→ **TASK BRIEF**
Word for word, repeat each record that follows.
BEGIN THE DATA
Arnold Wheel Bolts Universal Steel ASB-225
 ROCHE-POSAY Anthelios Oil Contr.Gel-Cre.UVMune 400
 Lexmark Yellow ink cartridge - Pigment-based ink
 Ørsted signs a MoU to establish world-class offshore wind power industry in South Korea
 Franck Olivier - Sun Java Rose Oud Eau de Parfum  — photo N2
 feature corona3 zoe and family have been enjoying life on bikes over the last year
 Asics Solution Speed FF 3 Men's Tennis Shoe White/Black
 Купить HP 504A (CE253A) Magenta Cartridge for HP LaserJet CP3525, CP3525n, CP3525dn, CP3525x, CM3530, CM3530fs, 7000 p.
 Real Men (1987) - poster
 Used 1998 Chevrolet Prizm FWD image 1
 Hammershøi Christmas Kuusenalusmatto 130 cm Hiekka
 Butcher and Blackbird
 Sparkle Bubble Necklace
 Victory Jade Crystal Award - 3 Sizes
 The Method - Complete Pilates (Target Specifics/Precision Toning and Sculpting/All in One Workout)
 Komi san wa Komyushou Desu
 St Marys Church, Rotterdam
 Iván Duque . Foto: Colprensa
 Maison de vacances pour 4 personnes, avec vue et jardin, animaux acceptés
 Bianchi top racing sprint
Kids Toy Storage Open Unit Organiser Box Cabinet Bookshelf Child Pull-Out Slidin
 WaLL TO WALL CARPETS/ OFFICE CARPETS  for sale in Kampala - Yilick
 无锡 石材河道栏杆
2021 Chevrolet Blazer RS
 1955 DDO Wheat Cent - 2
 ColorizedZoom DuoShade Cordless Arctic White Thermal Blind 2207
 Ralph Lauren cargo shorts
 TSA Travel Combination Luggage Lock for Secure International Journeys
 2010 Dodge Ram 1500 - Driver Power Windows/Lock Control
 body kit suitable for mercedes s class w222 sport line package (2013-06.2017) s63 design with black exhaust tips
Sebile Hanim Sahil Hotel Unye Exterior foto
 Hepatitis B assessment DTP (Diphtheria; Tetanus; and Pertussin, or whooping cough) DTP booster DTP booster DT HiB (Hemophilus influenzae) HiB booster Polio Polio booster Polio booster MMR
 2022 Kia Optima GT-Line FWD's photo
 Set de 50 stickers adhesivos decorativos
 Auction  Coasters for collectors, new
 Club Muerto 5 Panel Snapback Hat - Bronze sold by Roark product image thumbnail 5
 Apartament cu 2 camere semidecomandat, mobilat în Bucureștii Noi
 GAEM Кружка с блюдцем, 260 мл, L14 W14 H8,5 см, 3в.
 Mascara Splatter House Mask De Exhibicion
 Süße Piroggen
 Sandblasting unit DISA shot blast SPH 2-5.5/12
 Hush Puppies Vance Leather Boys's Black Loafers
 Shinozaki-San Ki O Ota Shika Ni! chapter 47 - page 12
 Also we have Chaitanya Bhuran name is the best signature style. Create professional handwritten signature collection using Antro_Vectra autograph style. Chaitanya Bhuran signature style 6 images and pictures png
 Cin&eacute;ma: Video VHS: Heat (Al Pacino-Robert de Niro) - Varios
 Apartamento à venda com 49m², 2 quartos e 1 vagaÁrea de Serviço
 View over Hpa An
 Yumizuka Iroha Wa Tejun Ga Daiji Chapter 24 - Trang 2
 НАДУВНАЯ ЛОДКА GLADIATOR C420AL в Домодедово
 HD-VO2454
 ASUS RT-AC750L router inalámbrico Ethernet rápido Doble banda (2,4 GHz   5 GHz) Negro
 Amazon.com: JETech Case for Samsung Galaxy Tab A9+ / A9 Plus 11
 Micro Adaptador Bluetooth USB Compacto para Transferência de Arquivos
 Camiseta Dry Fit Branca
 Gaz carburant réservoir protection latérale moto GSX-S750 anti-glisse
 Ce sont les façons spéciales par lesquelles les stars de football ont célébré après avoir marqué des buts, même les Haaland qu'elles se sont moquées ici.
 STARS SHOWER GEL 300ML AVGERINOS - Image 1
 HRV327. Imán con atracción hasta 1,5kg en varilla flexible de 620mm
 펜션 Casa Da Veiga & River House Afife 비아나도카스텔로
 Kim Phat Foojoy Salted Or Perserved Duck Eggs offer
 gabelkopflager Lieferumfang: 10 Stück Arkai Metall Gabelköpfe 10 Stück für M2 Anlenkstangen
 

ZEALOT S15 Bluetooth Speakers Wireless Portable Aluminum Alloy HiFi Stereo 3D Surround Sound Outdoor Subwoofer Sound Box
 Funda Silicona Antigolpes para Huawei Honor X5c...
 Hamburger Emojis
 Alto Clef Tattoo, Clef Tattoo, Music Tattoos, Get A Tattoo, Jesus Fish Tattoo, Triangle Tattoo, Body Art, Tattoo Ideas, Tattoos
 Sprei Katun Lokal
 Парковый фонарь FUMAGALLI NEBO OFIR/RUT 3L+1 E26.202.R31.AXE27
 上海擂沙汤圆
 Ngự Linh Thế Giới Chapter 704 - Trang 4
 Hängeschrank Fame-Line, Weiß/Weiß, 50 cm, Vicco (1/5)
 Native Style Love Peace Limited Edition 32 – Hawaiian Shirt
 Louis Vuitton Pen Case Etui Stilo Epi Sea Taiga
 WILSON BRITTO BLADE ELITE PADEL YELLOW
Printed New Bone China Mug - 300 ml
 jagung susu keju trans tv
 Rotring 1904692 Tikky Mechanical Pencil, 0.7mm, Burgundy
END THE DATA
→ **SOLUTION TO THIS TASK**
Arnold Wheel Bolts Universal Steel ASB-225
 ROCHE-POSAY Anthelios Oil Contr.Gel-Cre.UVMune 400
 Lexmark Yellow ink cartridge - Pigment-based ink
 Ørsted signs a MoU to establish world-class offshore wind power industry in South Korea
 Franck Olivier - Sun Java Rose Oud Eau de Parfum  — photo N2
 feature corona3 zoe and family have been enjoying life on bikes over the last year
 Asics Solution Speed FF 3 Men's Tennis Shoe White/Black
 Купить HP 504A (CE253A) Magenta Cartridge for HP LaserJet CP3525, CP3525n, CP3525dn, CP3525x, CM3530, CM3530fs, 7000 p.
 Real Men (1987) - poster
 Used 1998 Chevrolet Prizm FWD image 1
 Hammershøi Christmas Kuusenalusmatto 130 cm Hiekka
 Butcher and Blackbird
 Sparkle Bubble Necklace
 Victory Jade Crystal Award - 3 Sizes
 The Method - Complete Pilates (Target Specifics/Precision Toning and Sculpting/All in One Workout)
 Komi san wa Komyushou Desu
 St Marys Church, Rotterdam
 Iván Duque . Foto: Colprensa
 Maison de vacances pour 4 personnes, avec vue et jardin, animaux acceptés
 Bianchi top racing sprint
Kids Toy Storage Open Unit Organiser Box Cabinet Bookshelf Child Pull-Out Slidin
 WaLL TO WALL CARPETS/ OFFICE CARPETS  for sale in Kampala - Yilick
 无锡 石材河道栏杆
2021 Chevrolet Blazer RS
 1955 DDO Wheat Cent - 2
 ColorizedZoom DuoShade Cordless Arctic White Thermal Blind 2207
 Ralph Lauren cargo shorts
 TSA Travel Combination Luggage Lock for Secure International Journeys
 2010 Dodge Ram 1500 - Driver Power Windows/Lock Control
 body kit suitable for mercedes s class w222 sport line package (2013-06.2017) s63 design with black exhaust tips
Sebile Hanim Sahil Hotel Unye Exterior foto
 Hepatitis B assessment DTP (Diphtheria; Tetanus; and Pertussin, or whooping cough) DTP booster DTP booster DT HiB (Hemophilus influenzae) HiB booster Polio Polio booster Polio booster MMR
 2022 Kia Optima GT-Line FWD's photo
 Set de 50 stickers adhesivos decorativos
 Auction  Coasters for collectors, new
 Club Muerto 5 Panel Snapback Hat - Bronze sold by Roark product image thumbnail 5
 Apartament cu 2 camere semidecomandat, mobilat în Bucureștii Noi
 GAEM Кружка с блюдцем, 260 мл, L14 W14 H8,5 см, 3в.
 Mascara Splatter House Mask De Exhibicion
 Süße Piroggen
 Sandblasting unit DISA shot blast SPH 2-5.5/12
 Hush Puppies Vance Leather Boys's Black Loafers
 Shinozaki-San Ki O Ota Shika Ni! chapter 47 - page 12
 Also we have Chaitanya Bhuran name is the best signature style. Create professional handwritten signature collection using Antro_Vectra autograph style. Chaitanya Bhuran signature style 6 images and pictures png
 Cin&eacute;ma: Video VHS: Heat (Al Pacino-Robert de Niro) - Varios
 Apartamento à venda com 49m², 2 quartos e 1 vagaÁrea de Serviço
 View over Hpa An
 Yumizuka Iroha Wa Tejun Ga Daiji Chapter 24 - Trang 2
 НАДУВНАЯ ЛОДКА GLADIATOR C420AL в Домодедово
 HD-VO2454
 ASUS RT-AC750L router inalámbrico Ethernet rápido Doble banda (2,4 GHz   5 GHz) Negro
 Amazon.com: JETech Case for Samsung Galaxy Tab A9+ / A9 Plus 11
 Micro Adaptador Bluetooth USB Compacto para Transferência de Arquivos
 Camiseta Dry Fit Branca
 Gaz carburant réservoir protection latérale moto GSX-S750 anti-glisse
 Ce sont les façons spéciales par lesquelles les stars de football ont célébré après avoir marqué des buts, même les Haaland qu'elles se sont moquées ici.
 STARS SHOWER GEL 300ML AVGERINOS - Image 1
 HRV327. Imán con atracción hasta 1,5kg en varilla flexible de 620mm
 펜션 Casa Da Veiga & River House Afife 비아나도카스텔로
 Kim Phat Foojoy Salted Or Perserved Duck Eggs offer
 gabelkopflager Lieferumfang: 10 Stück Arkai Metall Gabelköpfe 10 Stück für M2 Anlenkstangen
 

ZEALOT S15 Bluetooth Speakers Wireless Portable Aluminum Alloy HiFi Stereo 3D Surround Sound Outdoor Subwoofer Sound Box
 Funda Silicona Antigolpes para Huawei Honor X5c...
 Hamburger Emojis
 Alto Clef Tattoo, Clef Tattoo, Music Tattoos, Get A Tattoo, Jesus Fish Tattoo, Triangle Tattoo, Body Art, Tattoo Ideas, Tattoos
 Sprei Katun Lokal
 Парковый фонарь FUMAGALLI NEBO OFIR/RUT 3L+1 E26.202.R31.AXE27
 上海擂沙汤圆
 Ngự Linh Thế Giới Chapter 704 - Trang 4
 Hängeschrank Fame-Line, Weiß/Weiß, 50 cm, Vicco (1/5)
 Native Style Love Peace Limited Edition 32 – Hawaiian Shirt
 Louis Vuitton Pen Case Etui Stilo Epi Sea Taiga
 WILSON BRITTO BLADE ELITE PADEL YELLOW
Printed New Bone China Mug - 300 ml
 jagung susu keju trans tv
 Rotring 1904692 Tikky Mechanical Pencil, 0.7mm, Burgundy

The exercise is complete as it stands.